# Dreamland



## kakrafcky (Jan 5, 2010)

Does anyone live in or know anything about Dreamland? Any info would be great and helpful.

Thanks


----------



## faima (Nov 4, 2010)

kakrafcky said:


> Does anyone live in or know anything about Dreamland? Any info would be great and helpful.
> 
> Thanks


You mean the adventure park? It's outside Cairo, on the Oasis Road (the Fayum Road), near 6th of October City. With taxi from Giza is about 50 EGP. It's good place for fun, we went 1-2 times with my daughter. A bit high prices for food and drinks, but you really can enjoy whole one da there. We bought a VIP cards, can't remmember what includes in, but every card was 150 EGP.


----------



## kakrafcky (Jan 5, 2010)

faima said:


> You mean the adventure park? It's outside Cairo, on the Oasis Road (the Fayum Road), near 6th of October City. With taxi from Giza is about 50 EGP. It's good place for fun, we went 1-2 times with my daughter. A bit high prices for food and drinks, but you really can enjoy whole one da there. We bought a VIP cards, can't remmember what includes in, but every card was 150 EGP.

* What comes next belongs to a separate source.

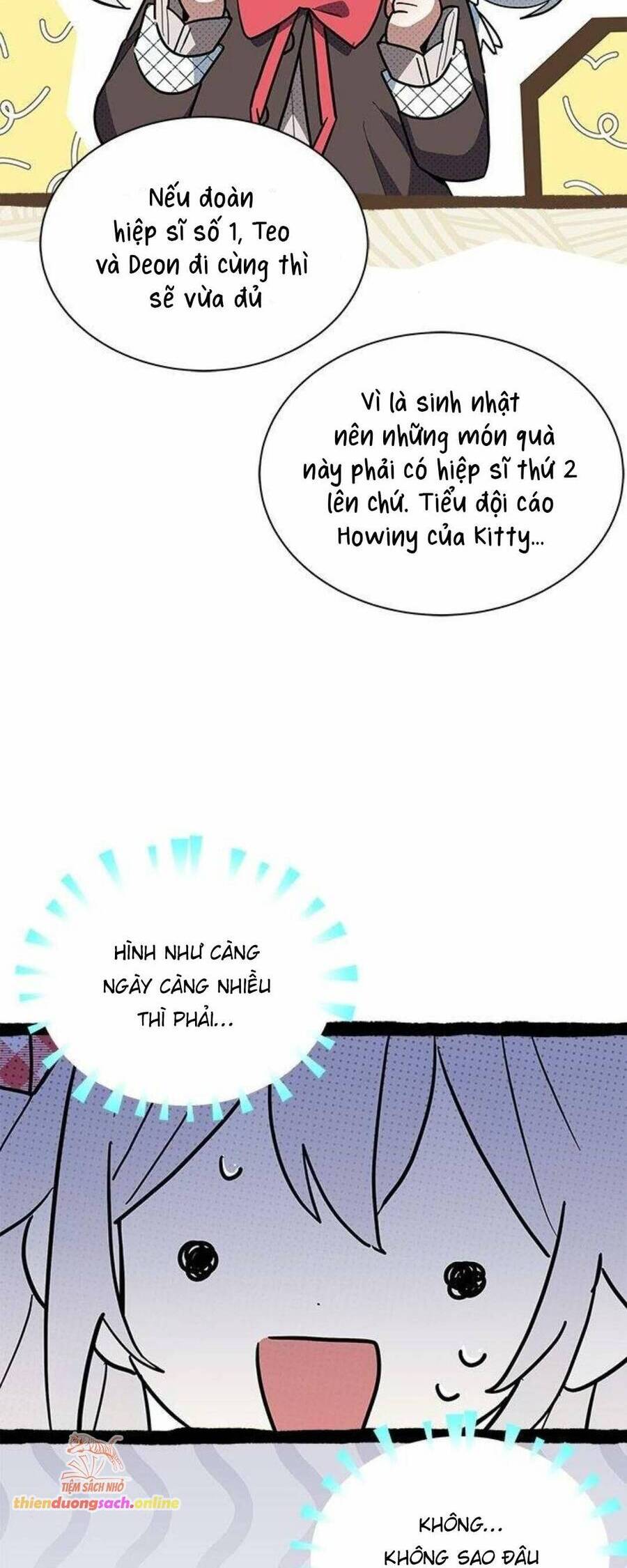 Mèo Con Được Gia Tộc Sói Nhận Nuôi? Chapter 30 - Trang 2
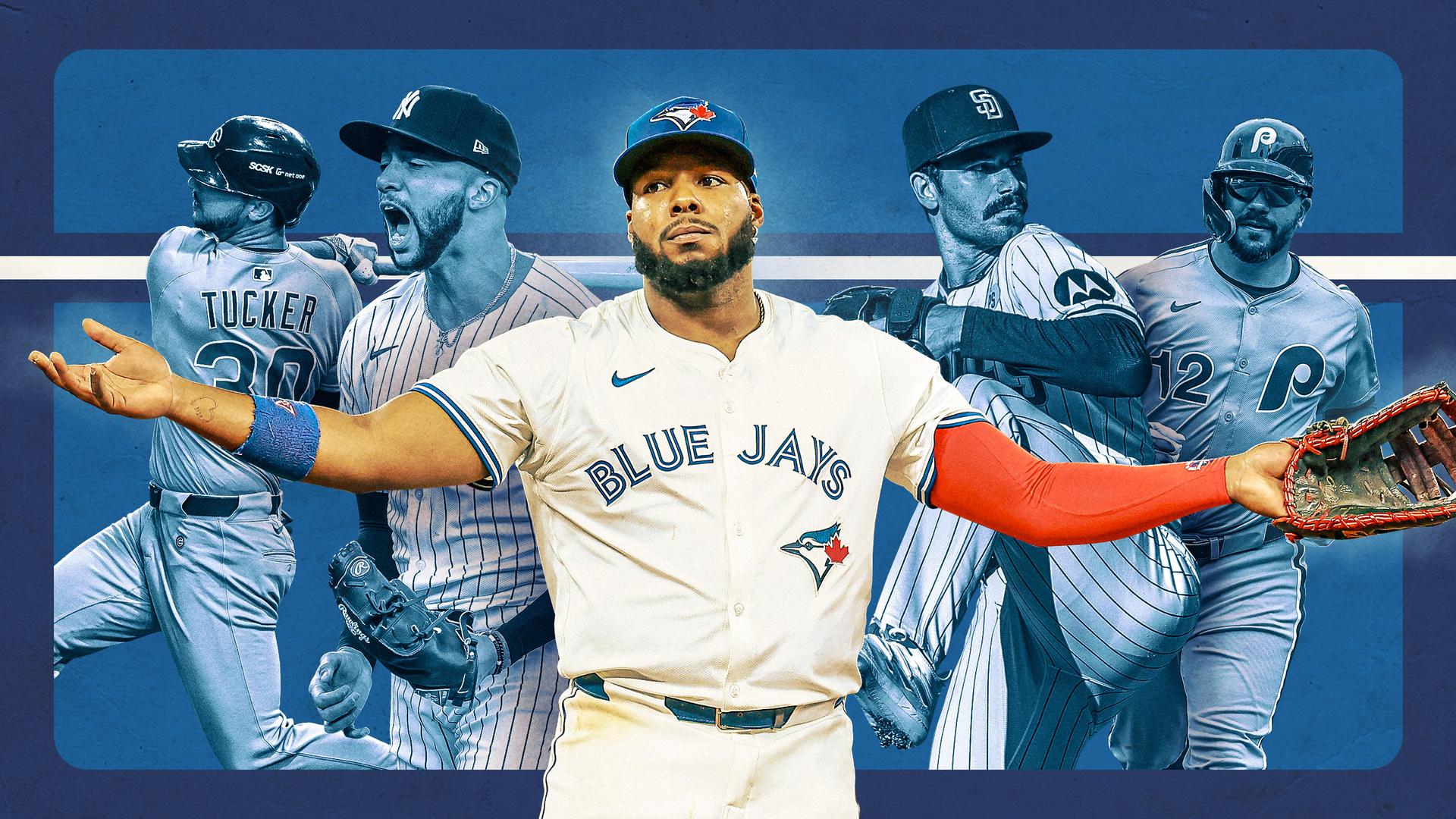 Vladimir Guerrero Jr. and next year's top free agents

I was actually wondering about the whole community that is there. I saw that they have the park and also a mall and hotels and such. But they also have houses and all the others as well.


----------



## NZCowboy (May 11, 2009)

Dreamland, also has a very good golf course and two hotels. A group of us escapes the hussle and bussle of Cairo to Dreamland and stay at the Swiss Inn Hotel, they have a very good local/expat rate (300EGP for double room incl breakfast). Swiss Inn has a nice resort type feel some play golf, others just laze by the pool.
(as there a no public swimming pools in Cairo we find this a great alternative)


----------



## shamylk (Aug 29, 2010)

I live in Dreamland compound in an apartment...came here two weeks ago....its a nice place...clean...well maintained and having greenery between the apartment buildings....anything else you want to know?


----------



## ultramind (Oct 24, 2010)

a very nicea nd clean place , went there once last year .


----------



## Horus (Sep 17, 2010)

..dreamland to an Egyptian is when the planes come in, they think hmm more habitis and walking ATM machines who will visit the one and only papyrus museum


----------



## hurghadapat (Mar 26, 2010)

Horus said:


> ..dreamland to an Egyptian is when the planes come in, they think hmm more habitis and walking ATM machines who will visit the one and only papyrus museum


Errrmm.......what are habitis Horus


----------



## Horus (Sep 17, 2010)

hurghadapat said:


> Errrmm.......what are habitis Horus


My bad.

Habibti's ie. new surrogate mothers for the Egyptian men


----------



## MaidenScotland (Jun 6, 2009)

Habibi is a term of endearment for friends and loved ones. Something like sweetheart, but can be used among friends but close friends.. don't use it when you have only known someone 5 minutes 

Habibiti is a feminine form, that you would use to address female friends or family members and again only close friends


----------



## hurghadapat (Mar 26, 2010)

MaidenScotland said:


> Habibi is a term of endearment for friends and loved ones. Something like sweetheart, but can be used among friends but close friends.. don't use it when you have only known someone 5 minutes
> 
> Habibiti is a feminine form, that you would use to address female friends or family members and again only close friends


Yes i know that but think Horus didn't realise the difference.Sorry just trying to let Horus know his Araby is not always correct..........bless him,he is trying.


----------